By Ken Alltucker
Enquirer staff writer
Three more Cincinnati real estate investors Monday admitted their role in a growing mortgage fraud that cost lenders at least $7.4 million in bad loans on homes in Cincinnati's poor and working-class neighborhoods.
Roger Pepples, 59; John Todd Killinger, 35; and Rodger Randall, 51, waived grand jury indictment and pleaded guilty in U.S. District Court to charges of conspiracy and knowingly signing and submitting false statements on a mortgage loan application. Killinger and Pepples also pleaded guilty to charges of income tax evasion.
The charge of submitting a false mortgage loan application carries the toughest penalty with a maximum 30-year prison term, $1 million fine and five years of supervised release. Conspiracy and income tax evasion each have a potential five-year prison term, supervised release, fines and other costs.
But federal prosecutors have the option of recommending a lighter sentence based on plea deals struck with the three investors. Pepples, Killinger and Randall have agreed to cooperate with the federal government's ongoing investigation of real estate flipping.
Flipping is an illegal buy-low, sell-high mortgage scam.
So far, nine real estate investors and title agents have been charged by federal prosecutors based on an investigation by the Internal Revenue Service's criminal investigation division, the U.S. Postal Inspection Service and the Federal Bureau of Investigation.
While it's legal to buy a house on the cheap and sell it at a higher price, federal prosecutors say illegal flipping involves some element of fraud such as an inflated property appraisal, false bank statements or phony pay verification.
Pepples' mortgage swindle of $2.5 million was the largest of any Cincinnati-area investor named so far in the investigation. Federal investigators calculate the loss based on the amount a bank or mortgage lender stands to lose even after reclaiming a house and selling it at sheriff's auction.
Prosecutors contend that Pepples, a retired Cincinnati Public Schools math and gym teacher, primarily acted as a seller of several flipped properties from January 2000 through July 2003. These quick-turn deals typically involved an inflated property appraisal and sham down payment.

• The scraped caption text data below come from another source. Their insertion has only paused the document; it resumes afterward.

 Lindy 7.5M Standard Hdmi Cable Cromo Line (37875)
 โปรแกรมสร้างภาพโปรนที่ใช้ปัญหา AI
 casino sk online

The prosecutors also say Pepples "willfully evaded" more than $106,000 in income taxes in 2000, 2001 and 2002. He received payoffs from the fraudulent loan deals either directly or through two companies he controlled, Timeco Investments and Vogel Properties.

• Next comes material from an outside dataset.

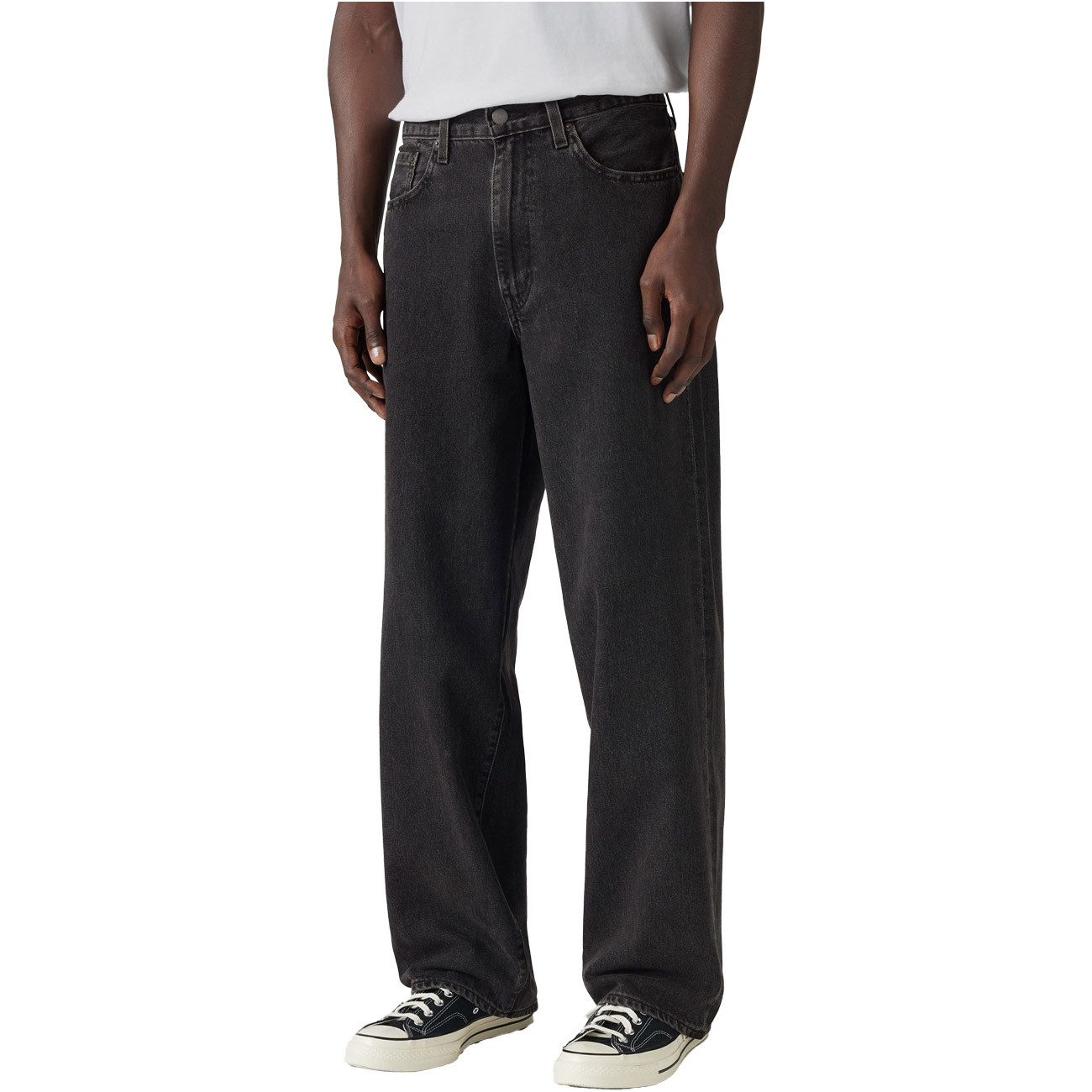 Levi's® Relax-fit-Jeans 578® BAGGY 578® BAGGY günstig online kaufen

When asked by U.S. District Judge Susan Dlott whether he admitted his role in the charges, Pepples bowed his head slightly and said, "Guilty, Your Honor."
Pepples, Killinger and Randall each declined to comment after Monday's court hearing. Each will face sentencing after probation officers complete a presentencing report.

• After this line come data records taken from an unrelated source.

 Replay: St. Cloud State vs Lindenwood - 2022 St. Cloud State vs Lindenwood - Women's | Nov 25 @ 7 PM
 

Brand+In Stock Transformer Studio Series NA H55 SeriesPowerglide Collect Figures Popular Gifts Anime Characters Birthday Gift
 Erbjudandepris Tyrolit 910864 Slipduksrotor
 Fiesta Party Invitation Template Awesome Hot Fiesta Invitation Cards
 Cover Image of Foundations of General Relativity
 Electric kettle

Killinger acted both as a buyer and seller of flipped properties that cost lenders an estimated loss of $1.9 million.
For example, Killinger struck a deal in August 2001 to buy two homes in East Price Hill for $95,000 apiece. The homes were purchased by investor David Lockwood less than one month earlier for $40,000 each.
Killinger signed closing documents indicating that he brought a down payment of about $12,000 for each home when in fact he provided no money at all, according to prosecutors. Killinger also evaded income taxes in 2000 and 2001 by failing to report income he received directly or through three shell companies he controlled, Pioneer Construction, Maverick Investments Inc. and Crown Home Development Inc.
Randall was the least active of the three investors as measured by total estimated loss to lenders of more than $289,000.